Yet in the case of Dutry et al. (2025) (https://www.jonaslang.info/userdata/comment-dutry_et-al-2025.pdf), Springer Nature itself failed to follow the STM Ethical Principles for Scholarly Publication, which it co-authored and publicly endorses.
The paper — conceptualized by Prof. Eva Derous — includes serious authorship issues and clear data misrepresentation, such as concealed group differences and misleading analyses designed to reverse or hide effects. My detailed retraction request documents these extensively, and Springer has never disputed this evidence.
Despite this, Springer Nature’s head of ethics refused to act and deferred entirely to a slow and opaque university process. Even worse, Springer systematically rejects misconduct reports, ignores detailed evidence, and refuses to publish direct commentaries or retraction requests — even though it is ethically bound to defend the integrity of the scientific record.
Modern Springer Nature seems a shadow of its former self: in the 1920s, major journals would publish misconduct reports and debates directly, fostering open scientific correction.

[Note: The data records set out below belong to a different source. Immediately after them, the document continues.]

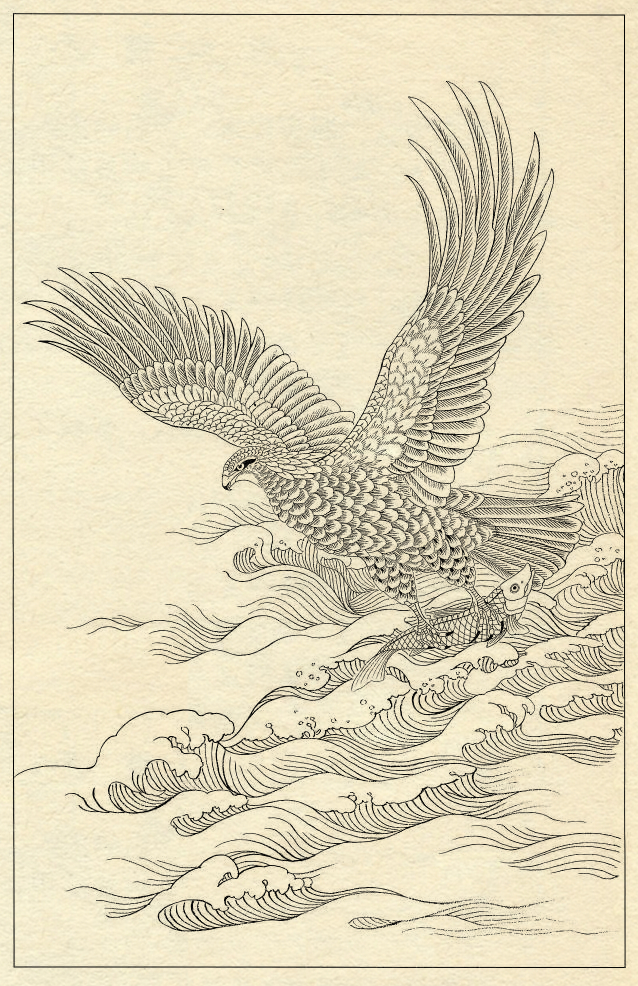 鹰的工笔底稿白描大图,白描鹰的画法图片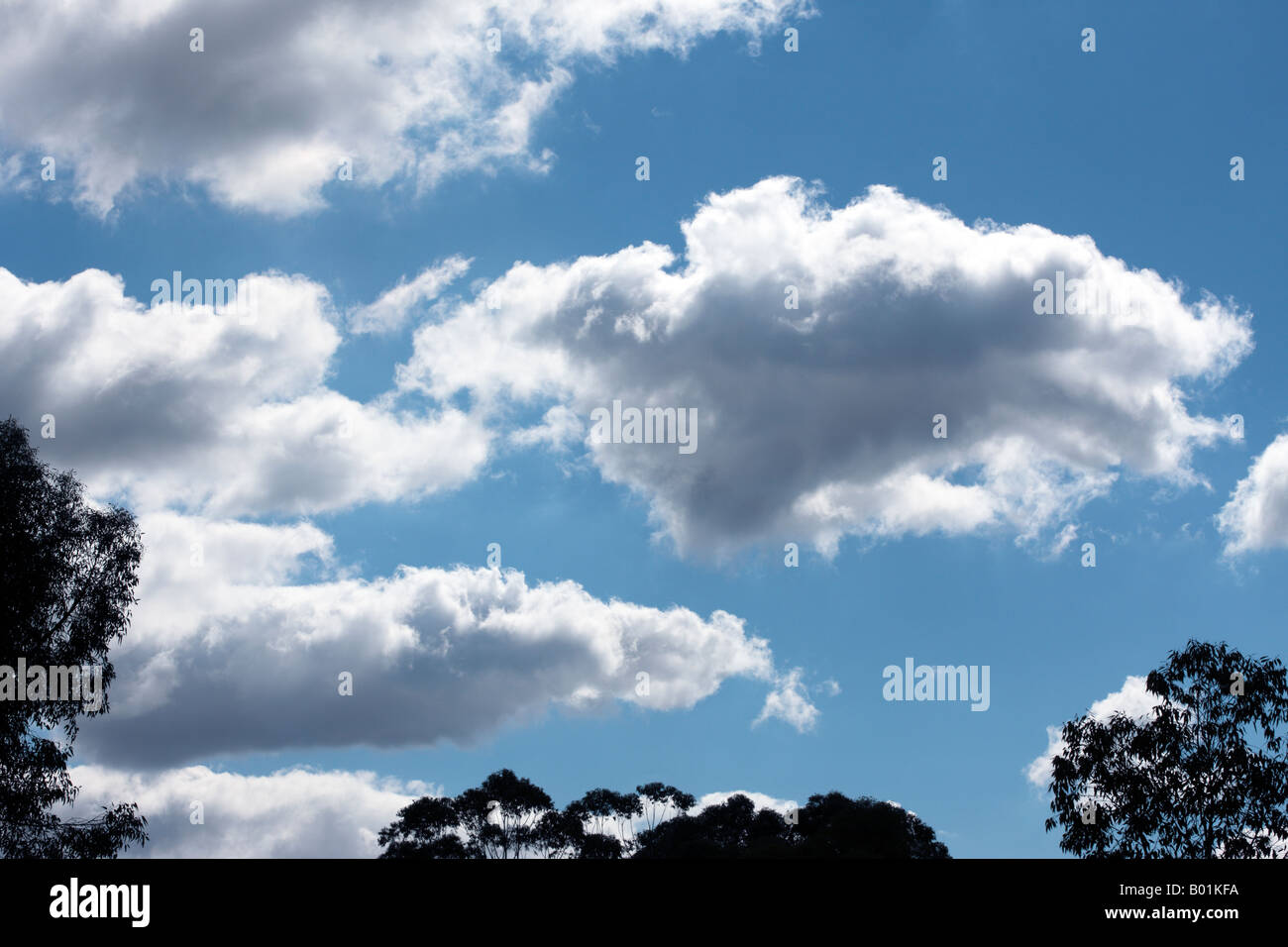 Cumulus Cloud Stock Photo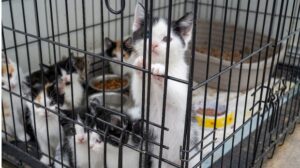 57 kittens, 8 cats rescued, 1 man arrested after investigation into alleged animal cruelty: police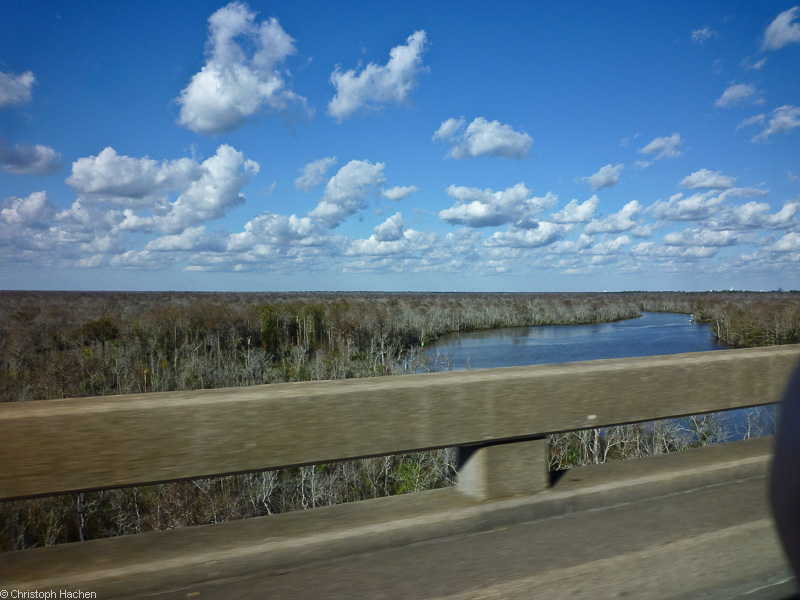 Florida & New Orleans - New Orleans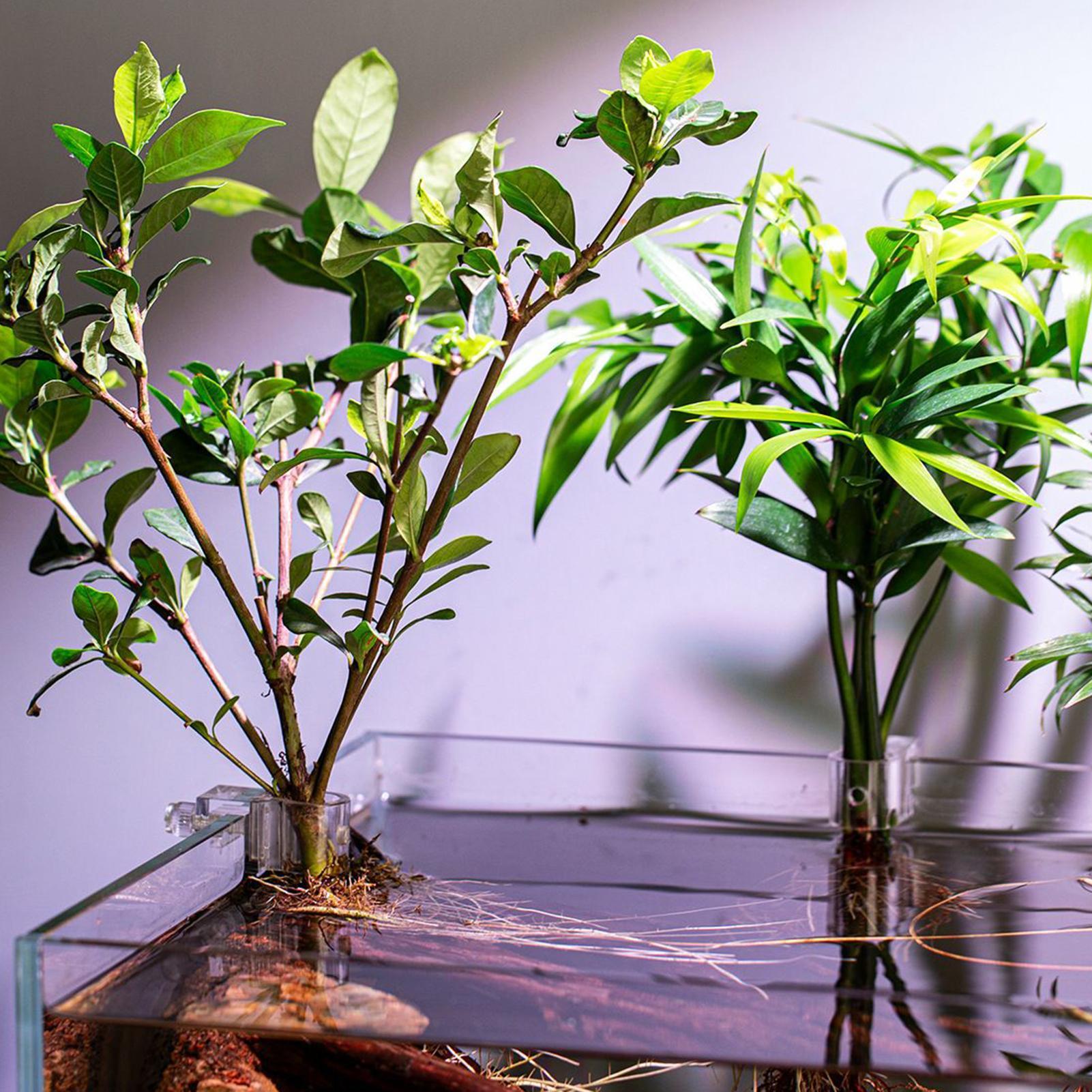 Mini Fish Tank Planter Pot 6Pc - Aquarium Fertilizer ulasan dan harga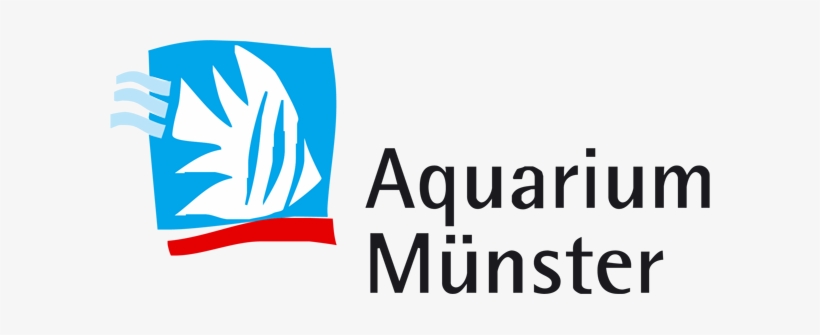 Aquarium Munster - Aquarium Munster Logo, transparent png #2909377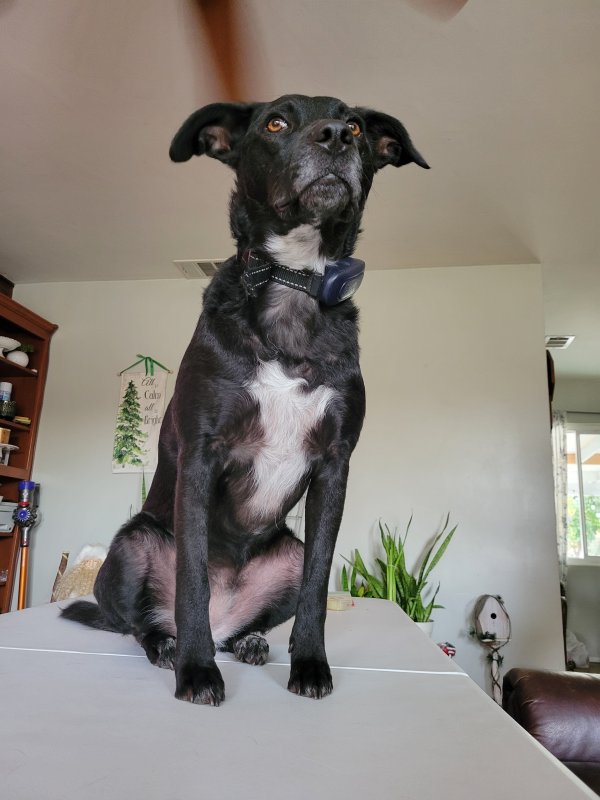 Lost Australian Cattle Dog in Brea, CA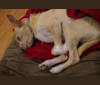 Luna, a Chihuahua and Miniature Pinscher mix tested with EmbarkVet.com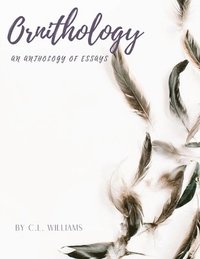bokomslag Essays in Ornithology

Today, it appears these principles are abandoned in favor of institutional self-protection.
I discuss these systemic failures in more detail in my paper Science Eroded (https://tinyurl.com/scienceeroded or https://www.jonaslang.info/userdata/manuscript-v4-osf-rendered.pdf), which examines how institutions publicly champion ethics while privately enabling misconduct and silencing critics (including me as a whistleblower who has lost two faculty positions and has been the target of multiple retaliatory complaints now).
How can researchers trust Springer Nature’s policies when it demands rigor from authors but fails to uphold its own basic ethical responsibilities?
Demanding compliance from researchers while ignoring foundational principles internally sends a dangerous signal: that accountability is only for others, not for those in power.
I read your comment here and the document on the Dutry article via the link. I don’t see the connection between AI tool authorship and your personal feud with your colleagues, so this doesn’t seem like the appropriate topic for this discussion. Can't you file a complaint somewhere?
In regard to your claims about authorship issues, these seem highly exaggerated. Non peer-reviewed master's theses that aren’t cited? Is that really the standard for referencing in academic work? Please, Mr. Lang, show me all the references to relevant master’s theses you’ve included in your academic publications... And when I look further into the paper by Dutry, it just seems like a youth version of an existing test you weren’t involved in at all. Strange mental gymnastics to interpret that as abuse of intellectual rights or authorship.